Habiller la nuit d’un voile décadent

Après le concert de l’année précédente au Liberté, Marquis de Sade, mythique groupe de la scène rennaise, remonte sur scène pour le festival des Nuits de Fourvière de Lyon et retrouve l’esprit égaré, dans une fin trop précoce, de la tentative d’un rock gothique et brut en France

Les Nuits de Fourvière nous ont habitué à des concerts mythiques et à des évènements plebiscités, mais nous réservent également de véritables surprises. Le choix d’opter pour la petite scène du parc archéologique de Fourvière s’est révélé idéal pour accueillir la réapparition d’un groupe culte malgré son passage éphémère sur les scènes françaises à cheval entre les années 70 et 80 : Marquis de Sade a livré un concert à la fois intimiste et intense, ravissant l’auditoire de l’Odéon.
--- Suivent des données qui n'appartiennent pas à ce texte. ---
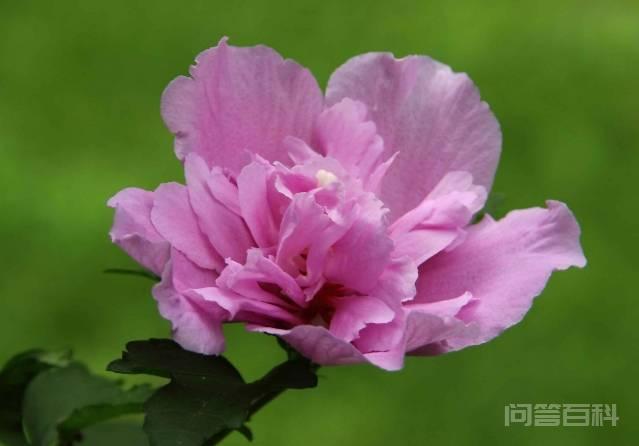 能够给全家人带来好运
La soirée s’était ouverte avec le plutôt décevant italo-français Fabio Viscogliosi, auteur d’un slow-rock auto-complaisant qui a tenté l’approche avec Lucio Battisti, échouant quelque part entre Adriano Celentano, Bobo Rondelli e I Ribelli (sans la stature du premier, l’ironie du deuxième ou la puissance des troisièmes). Jonglant parfaitement entre italien, anglais et français, le rital d’Oullins semble vouloir proposer une plongée dans l’univers des années 60, mais sans convaincre, dans un set très (trop) lent.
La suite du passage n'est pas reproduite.